Clarke was again named minister of war, vice Marshal Berthier, Duke of Neufchatel and Prince of Wagram. He acquitted himself with great credit during his administration, which was prolonged without interruption for several years; but it was marked by two remarkable episodes—the descent upon Walcheren in 1809, and the conspiracy of Mallet in 1812. But we ought previously to have mentioned that in 1808 Clarke had been ennobled by the title of Count Hunebourg, and in 1809 he was created Duc de Feltre, from a town in Venetian Lombardy.
The descent of the British upon Walcheren took Clarke by surprise; but seconded by Bernadotte and Fouche he collected, in less than five weeks, an army of 100,000 men, near the mouths of the Scheldt, to watch their operations; but the swamps of South Beveland, and the Walcheren fever, proved more deadly to the British troops than the bayonets of France.
When Napoleon was absent on his disastrous Russian campaign, the unfortunate disturbance, or rather wild enterprise of the republican General Mallet, with his compatriots Guidal and Lahoire, placed Paris for some hours in the hands of an armed mob. The coolness and presence of mind exhibited by Clarke during this momentous crisis is above all common praise. Mallet forged an account of Bonaparte's death; and on obtaining twelve hundred men from the 10th cohort of the National Guard, made prisoners M. Pasquer and Savary, the Duke of Rovigo, and assailing General Hullin, Commandant of Paris, in his quarters, shot him through the head by a pistol-ball. Mallet led his party to seize Clarke as minister of war; but the plot was soon discovered, and Mallet was captured and disarmed. This finished his proposed reassertion of the Republic, and fourteen of his followers were put to death, while Clarke ordered the arrest of many others upon very slight suspicions. He then dispatched to Bonaparte a report, which displayed his own vigilance and acuteness in escaping the snare into which General Hullin, Colonel Soulier, Savary, and Pasquer had fallen so easily.
The excessive zeal of Clarke began to relax about the end of 1813, although his language always continued the same; thus, when Napoleon, acting under the pressure of his disasters in Russia, proposed to make a peace, and yield up some of his conquests, the Duc de Feltre, knowing how to touch one of the sensitive chords in his breast, said, "that he would consider the Emperor dishonoured if he consented to abandon the smallest village which had been united to the Empire by a senatorial decree!"
"What a fine thing it is to talk!" added old Bourienne.
Clarke's opinion, however, prevailed with Napoleon, and the war, so fatal to him, continued; though without doubt, in his secret soul, he had begun to see the exact and perilous position of the Emperor. Before the startling events of March, 1814, when the allies advanced upon Paris, and before the communications of Joseph had forced the determination of the Assembly, the acute Clarke had advised, very decidedly, the departure of Maria Louisa, who set out at once for Blois. The ostentatious language with which he accompanied this advice failed to deceive any one; but in spite of his efforts it was singularly cold and discouraging.

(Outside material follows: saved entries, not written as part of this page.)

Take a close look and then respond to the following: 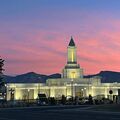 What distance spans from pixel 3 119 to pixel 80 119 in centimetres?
627

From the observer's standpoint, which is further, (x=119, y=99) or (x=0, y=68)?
(x=0, y=68)

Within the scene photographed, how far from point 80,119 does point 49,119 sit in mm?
2499

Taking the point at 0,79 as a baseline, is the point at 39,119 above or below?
below

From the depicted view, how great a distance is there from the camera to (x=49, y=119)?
1612 inches

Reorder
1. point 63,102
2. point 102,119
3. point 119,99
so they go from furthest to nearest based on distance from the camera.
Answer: point 63,102 → point 119,99 → point 102,119

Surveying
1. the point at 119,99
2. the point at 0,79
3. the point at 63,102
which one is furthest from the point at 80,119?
the point at 0,79

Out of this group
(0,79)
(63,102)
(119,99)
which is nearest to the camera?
(119,99)

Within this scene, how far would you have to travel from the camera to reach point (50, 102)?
106 m

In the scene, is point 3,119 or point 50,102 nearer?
point 3,119

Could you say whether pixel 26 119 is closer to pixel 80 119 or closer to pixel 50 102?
pixel 80 119

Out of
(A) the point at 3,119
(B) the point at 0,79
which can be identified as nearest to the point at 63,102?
(B) the point at 0,79

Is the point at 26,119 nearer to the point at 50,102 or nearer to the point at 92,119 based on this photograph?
the point at 92,119

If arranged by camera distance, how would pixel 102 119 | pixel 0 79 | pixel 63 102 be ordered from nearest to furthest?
pixel 102 119, pixel 63 102, pixel 0 79

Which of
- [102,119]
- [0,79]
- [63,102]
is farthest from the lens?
[0,79] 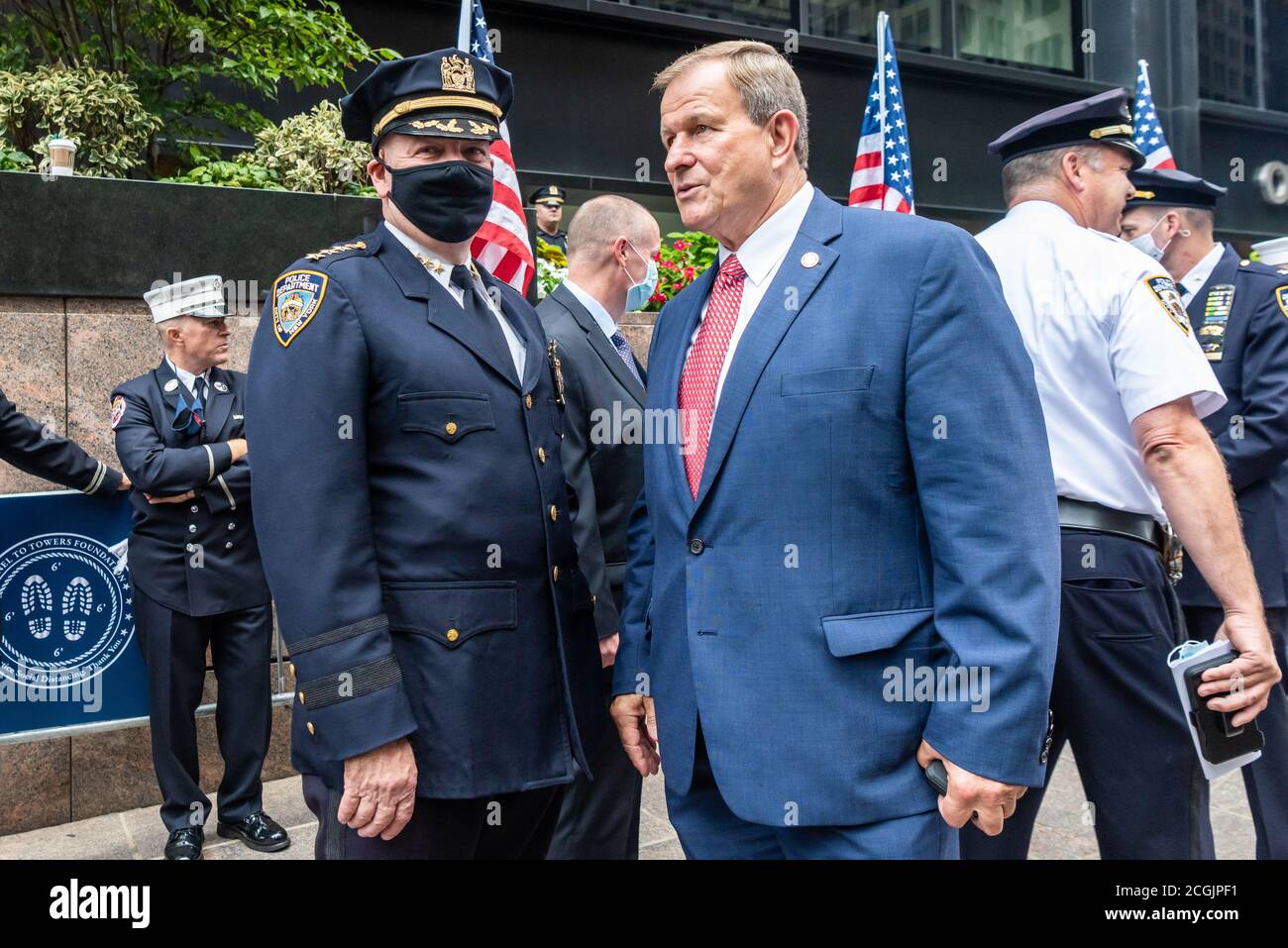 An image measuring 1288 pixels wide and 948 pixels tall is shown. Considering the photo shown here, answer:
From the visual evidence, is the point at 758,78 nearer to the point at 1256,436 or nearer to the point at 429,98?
the point at 429,98

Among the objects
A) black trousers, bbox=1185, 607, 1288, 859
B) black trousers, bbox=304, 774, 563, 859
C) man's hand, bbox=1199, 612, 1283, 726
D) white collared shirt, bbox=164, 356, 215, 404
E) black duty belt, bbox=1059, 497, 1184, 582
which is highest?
white collared shirt, bbox=164, 356, 215, 404

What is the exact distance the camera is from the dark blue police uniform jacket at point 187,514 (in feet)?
15.1

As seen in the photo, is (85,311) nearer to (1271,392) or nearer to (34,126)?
(34,126)

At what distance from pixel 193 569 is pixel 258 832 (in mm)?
1202

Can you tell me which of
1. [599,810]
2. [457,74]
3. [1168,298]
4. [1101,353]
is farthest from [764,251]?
[599,810]

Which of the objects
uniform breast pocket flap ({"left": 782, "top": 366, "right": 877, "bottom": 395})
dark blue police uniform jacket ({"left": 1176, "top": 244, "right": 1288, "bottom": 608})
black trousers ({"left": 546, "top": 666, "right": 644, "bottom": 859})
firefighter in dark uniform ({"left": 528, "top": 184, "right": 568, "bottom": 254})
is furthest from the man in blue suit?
firefighter in dark uniform ({"left": 528, "top": 184, "right": 568, "bottom": 254})

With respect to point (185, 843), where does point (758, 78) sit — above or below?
above

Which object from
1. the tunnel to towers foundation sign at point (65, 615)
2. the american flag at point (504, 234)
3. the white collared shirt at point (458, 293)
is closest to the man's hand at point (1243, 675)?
the white collared shirt at point (458, 293)

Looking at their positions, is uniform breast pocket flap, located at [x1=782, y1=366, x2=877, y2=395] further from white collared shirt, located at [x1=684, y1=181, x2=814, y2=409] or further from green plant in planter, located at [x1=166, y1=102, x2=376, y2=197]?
green plant in planter, located at [x1=166, y1=102, x2=376, y2=197]

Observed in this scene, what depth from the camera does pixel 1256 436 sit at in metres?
4.07

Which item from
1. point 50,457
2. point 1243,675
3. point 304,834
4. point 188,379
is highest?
point 188,379

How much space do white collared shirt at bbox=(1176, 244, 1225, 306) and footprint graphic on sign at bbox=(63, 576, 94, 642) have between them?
4.96 meters

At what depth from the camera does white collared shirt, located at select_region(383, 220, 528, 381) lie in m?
2.62

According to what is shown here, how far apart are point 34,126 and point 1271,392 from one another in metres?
6.42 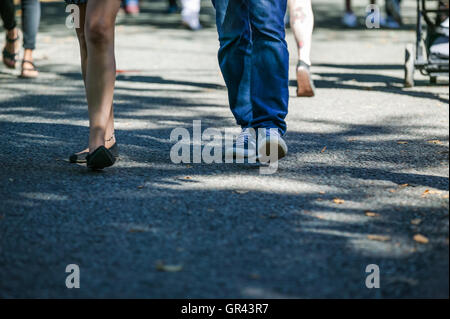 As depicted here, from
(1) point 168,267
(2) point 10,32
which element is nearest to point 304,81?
(2) point 10,32

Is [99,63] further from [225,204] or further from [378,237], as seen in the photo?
[378,237]

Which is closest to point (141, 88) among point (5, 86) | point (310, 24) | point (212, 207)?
point (5, 86)

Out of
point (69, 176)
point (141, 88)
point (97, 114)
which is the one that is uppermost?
point (97, 114)

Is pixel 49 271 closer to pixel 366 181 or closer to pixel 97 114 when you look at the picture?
pixel 97 114

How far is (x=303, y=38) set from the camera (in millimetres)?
6145

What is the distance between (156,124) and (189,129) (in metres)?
0.32

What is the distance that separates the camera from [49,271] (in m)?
2.47

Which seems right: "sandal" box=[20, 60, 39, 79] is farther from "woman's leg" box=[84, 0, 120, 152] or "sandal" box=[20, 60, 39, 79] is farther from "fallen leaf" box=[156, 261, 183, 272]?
"fallen leaf" box=[156, 261, 183, 272]

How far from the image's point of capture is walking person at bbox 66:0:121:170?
362 cm

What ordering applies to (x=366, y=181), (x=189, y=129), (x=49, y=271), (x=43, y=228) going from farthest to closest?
(x=189, y=129), (x=366, y=181), (x=43, y=228), (x=49, y=271)

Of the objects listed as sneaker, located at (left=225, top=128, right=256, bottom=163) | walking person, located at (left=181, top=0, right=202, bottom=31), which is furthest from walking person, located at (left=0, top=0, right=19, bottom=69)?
walking person, located at (left=181, top=0, right=202, bottom=31)

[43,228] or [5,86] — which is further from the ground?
[43,228]

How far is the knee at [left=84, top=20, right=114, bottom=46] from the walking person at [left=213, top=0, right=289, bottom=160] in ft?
2.28
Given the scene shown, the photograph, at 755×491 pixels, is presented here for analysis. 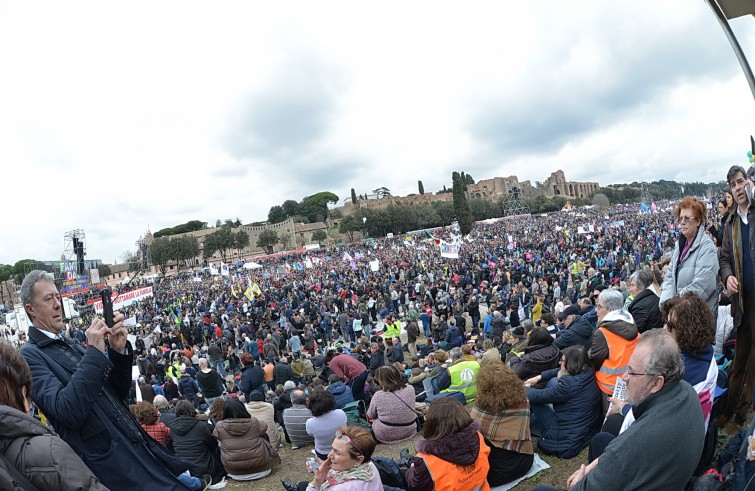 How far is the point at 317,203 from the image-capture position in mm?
124375

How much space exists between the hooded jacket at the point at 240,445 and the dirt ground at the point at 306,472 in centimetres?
19

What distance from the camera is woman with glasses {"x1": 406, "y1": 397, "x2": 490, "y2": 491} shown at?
2990 millimetres

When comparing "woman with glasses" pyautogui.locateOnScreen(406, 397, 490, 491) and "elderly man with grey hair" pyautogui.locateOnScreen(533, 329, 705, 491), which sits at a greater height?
"elderly man with grey hair" pyautogui.locateOnScreen(533, 329, 705, 491)

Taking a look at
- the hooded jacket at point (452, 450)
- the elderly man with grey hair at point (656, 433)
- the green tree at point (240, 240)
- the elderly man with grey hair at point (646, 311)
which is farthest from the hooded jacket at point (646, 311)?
the green tree at point (240, 240)

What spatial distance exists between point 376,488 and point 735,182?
3.39 metres

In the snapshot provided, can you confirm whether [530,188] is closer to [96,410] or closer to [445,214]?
[445,214]

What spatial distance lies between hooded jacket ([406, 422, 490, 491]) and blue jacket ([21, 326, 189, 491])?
5.30ft

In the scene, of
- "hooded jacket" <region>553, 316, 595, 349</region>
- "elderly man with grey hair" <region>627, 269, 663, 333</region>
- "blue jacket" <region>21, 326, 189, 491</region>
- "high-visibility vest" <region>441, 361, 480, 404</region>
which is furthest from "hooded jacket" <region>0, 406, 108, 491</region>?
"hooded jacket" <region>553, 316, 595, 349</region>

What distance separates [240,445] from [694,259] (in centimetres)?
463

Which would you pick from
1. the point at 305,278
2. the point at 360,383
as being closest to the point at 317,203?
the point at 305,278

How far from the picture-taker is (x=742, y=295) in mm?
3336

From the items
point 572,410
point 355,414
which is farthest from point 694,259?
point 355,414

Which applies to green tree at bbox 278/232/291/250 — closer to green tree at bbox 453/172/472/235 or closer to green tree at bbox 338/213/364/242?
green tree at bbox 338/213/364/242

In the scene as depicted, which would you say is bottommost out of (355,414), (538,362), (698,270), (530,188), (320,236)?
(355,414) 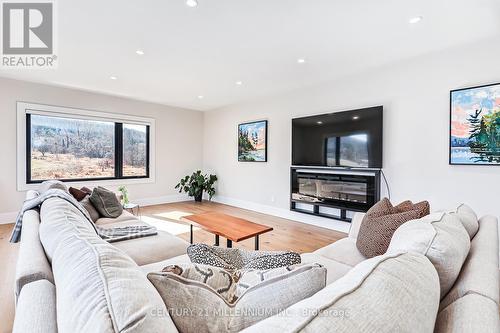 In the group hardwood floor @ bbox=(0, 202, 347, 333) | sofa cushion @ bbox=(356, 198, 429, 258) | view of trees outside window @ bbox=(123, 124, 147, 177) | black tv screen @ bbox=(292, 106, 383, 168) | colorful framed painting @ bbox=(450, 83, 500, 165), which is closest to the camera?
sofa cushion @ bbox=(356, 198, 429, 258)

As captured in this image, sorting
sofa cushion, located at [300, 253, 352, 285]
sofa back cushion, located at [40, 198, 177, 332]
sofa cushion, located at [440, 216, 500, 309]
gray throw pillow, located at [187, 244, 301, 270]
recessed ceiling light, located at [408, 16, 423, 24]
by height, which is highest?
recessed ceiling light, located at [408, 16, 423, 24]

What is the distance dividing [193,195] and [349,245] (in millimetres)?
4915

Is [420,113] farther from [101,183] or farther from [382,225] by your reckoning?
[101,183]

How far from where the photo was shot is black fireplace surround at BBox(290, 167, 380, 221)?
3.62 meters

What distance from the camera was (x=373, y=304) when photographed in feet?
1.79

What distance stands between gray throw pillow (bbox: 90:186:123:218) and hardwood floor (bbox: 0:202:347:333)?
85cm

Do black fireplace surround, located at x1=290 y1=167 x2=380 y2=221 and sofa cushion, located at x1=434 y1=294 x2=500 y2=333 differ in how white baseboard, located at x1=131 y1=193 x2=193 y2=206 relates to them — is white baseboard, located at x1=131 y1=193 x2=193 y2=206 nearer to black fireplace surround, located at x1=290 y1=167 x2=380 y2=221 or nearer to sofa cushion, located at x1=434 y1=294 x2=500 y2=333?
black fireplace surround, located at x1=290 y1=167 x2=380 y2=221

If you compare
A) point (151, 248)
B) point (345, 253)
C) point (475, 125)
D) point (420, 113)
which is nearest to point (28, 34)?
point (151, 248)

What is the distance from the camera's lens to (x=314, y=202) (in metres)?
4.20

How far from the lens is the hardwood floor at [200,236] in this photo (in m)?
2.16

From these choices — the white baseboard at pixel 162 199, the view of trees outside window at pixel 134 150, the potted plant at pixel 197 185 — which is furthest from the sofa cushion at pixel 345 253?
the view of trees outside window at pixel 134 150

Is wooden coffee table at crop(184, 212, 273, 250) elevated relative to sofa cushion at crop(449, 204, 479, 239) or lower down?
lower down

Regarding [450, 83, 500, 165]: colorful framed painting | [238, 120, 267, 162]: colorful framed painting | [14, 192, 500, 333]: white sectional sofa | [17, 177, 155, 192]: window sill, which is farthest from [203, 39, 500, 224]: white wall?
[17, 177, 155, 192]: window sill

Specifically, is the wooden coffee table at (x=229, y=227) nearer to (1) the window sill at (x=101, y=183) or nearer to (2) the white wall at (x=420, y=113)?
(2) the white wall at (x=420, y=113) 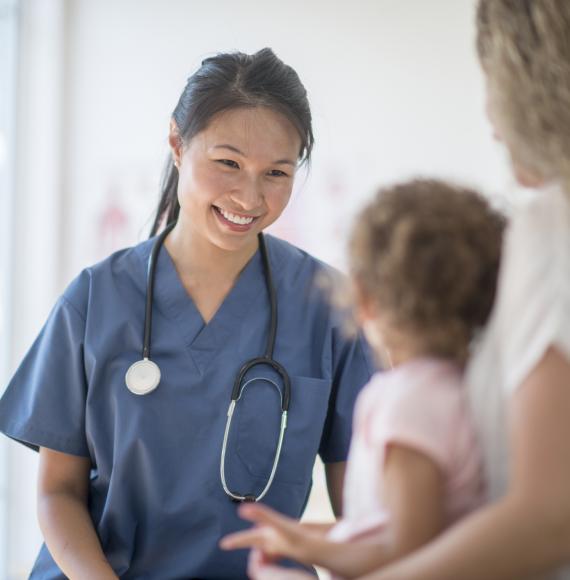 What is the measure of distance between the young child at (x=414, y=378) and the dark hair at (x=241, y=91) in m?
0.70

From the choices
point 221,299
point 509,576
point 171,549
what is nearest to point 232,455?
point 171,549

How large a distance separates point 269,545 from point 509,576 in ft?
0.83

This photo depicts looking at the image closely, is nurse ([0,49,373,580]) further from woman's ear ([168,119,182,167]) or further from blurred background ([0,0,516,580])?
blurred background ([0,0,516,580])

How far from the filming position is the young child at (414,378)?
861 mm

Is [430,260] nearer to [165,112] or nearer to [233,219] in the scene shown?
[233,219]

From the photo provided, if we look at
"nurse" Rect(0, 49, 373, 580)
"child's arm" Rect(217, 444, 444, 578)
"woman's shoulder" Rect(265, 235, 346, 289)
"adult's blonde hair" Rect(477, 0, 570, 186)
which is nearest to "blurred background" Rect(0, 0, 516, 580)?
"woman's shoulder" Rect(265, 235, 346, 289)

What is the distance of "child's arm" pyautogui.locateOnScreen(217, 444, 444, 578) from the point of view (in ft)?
2.80

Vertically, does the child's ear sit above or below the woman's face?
below

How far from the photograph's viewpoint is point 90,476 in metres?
1.65

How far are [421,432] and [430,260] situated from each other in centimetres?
17

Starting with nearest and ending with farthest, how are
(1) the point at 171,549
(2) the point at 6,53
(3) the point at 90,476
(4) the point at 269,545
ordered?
(4) the point at 269,545, (1) the point at 171,549, (3) the point at 90,476, (2) the point at 6,53

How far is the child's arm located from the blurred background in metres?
2.59

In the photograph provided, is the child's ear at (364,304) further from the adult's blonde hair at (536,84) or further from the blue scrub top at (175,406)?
the blue scrub top at (175,406)

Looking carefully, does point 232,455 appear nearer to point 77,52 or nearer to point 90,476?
point 90,476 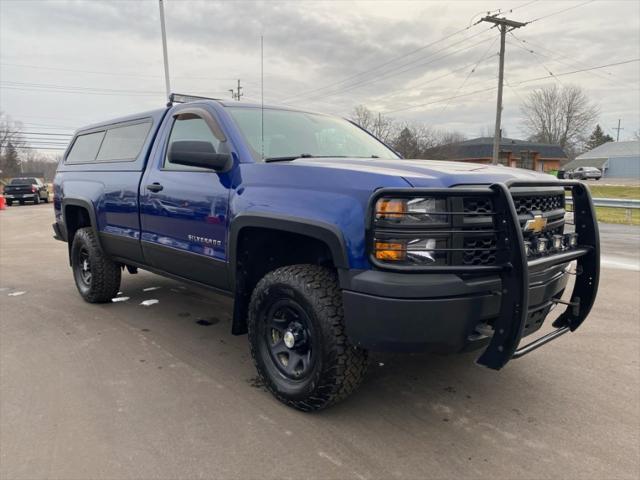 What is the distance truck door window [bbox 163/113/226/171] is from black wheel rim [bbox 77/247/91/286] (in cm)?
219

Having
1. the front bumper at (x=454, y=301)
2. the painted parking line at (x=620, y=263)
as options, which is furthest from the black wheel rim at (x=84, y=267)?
the painted parking line at (x=620, y=263)

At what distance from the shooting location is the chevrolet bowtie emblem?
261cm

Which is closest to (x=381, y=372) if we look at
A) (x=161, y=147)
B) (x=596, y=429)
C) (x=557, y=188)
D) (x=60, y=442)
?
(x=596, y=429)

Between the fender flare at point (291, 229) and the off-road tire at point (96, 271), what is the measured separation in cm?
248

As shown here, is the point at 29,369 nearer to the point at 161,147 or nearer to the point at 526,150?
the point at 161,147

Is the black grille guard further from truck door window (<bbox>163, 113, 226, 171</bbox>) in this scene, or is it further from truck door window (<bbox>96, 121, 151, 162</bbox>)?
truck door window (<bbox>96, 121, 151, 162</bbox>)

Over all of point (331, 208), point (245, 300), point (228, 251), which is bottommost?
point (245, 300)

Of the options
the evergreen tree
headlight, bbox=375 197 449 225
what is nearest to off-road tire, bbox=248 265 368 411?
headlight, bbox=375 197 449 225

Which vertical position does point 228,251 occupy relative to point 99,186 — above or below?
below

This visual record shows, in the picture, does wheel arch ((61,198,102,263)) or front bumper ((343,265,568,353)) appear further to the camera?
wheel arch ((61,198,102,263))

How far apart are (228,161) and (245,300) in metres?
0.97

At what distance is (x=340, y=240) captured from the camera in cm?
247

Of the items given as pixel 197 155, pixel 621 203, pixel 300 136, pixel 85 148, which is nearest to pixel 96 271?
pixel 85 148

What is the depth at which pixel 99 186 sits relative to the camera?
193 inches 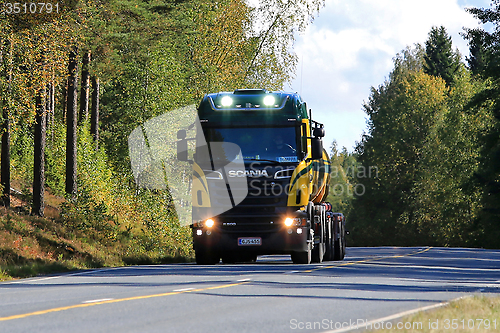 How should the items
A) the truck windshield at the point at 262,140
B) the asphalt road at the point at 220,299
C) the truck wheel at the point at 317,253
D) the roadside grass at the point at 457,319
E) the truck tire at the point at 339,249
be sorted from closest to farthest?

He commenced his oration by a vivid picture of the conflicting state of parties, and of the state of Paris and its environs; and his enemies accused him not only of exaggerating the dangers which menaced the capital, but of concealing its actual resources; but one fact is evident, Clarke was clearly and honestly of opinion that Paris was indefensible, and that to resist would be to destroy it! It is said that Bonaparte had a contrary opinion, though it was not then publicly avowed.
When once Maria Louisa had left Paris, Clarke, foreseeing its certain capitulation, did not take the necessary measures either to defend it or to check the progress of the allies. For three days he did not open the arsenals to the Parisians, nor would he allow them to transport the cannon from the Hôtel des Invalides, and the Ecole Militaire to the heights about the city; finally he clubbed all the troops of the line about Montmartre. "Posterity," says a recent writer, "will decide if these measures were correct."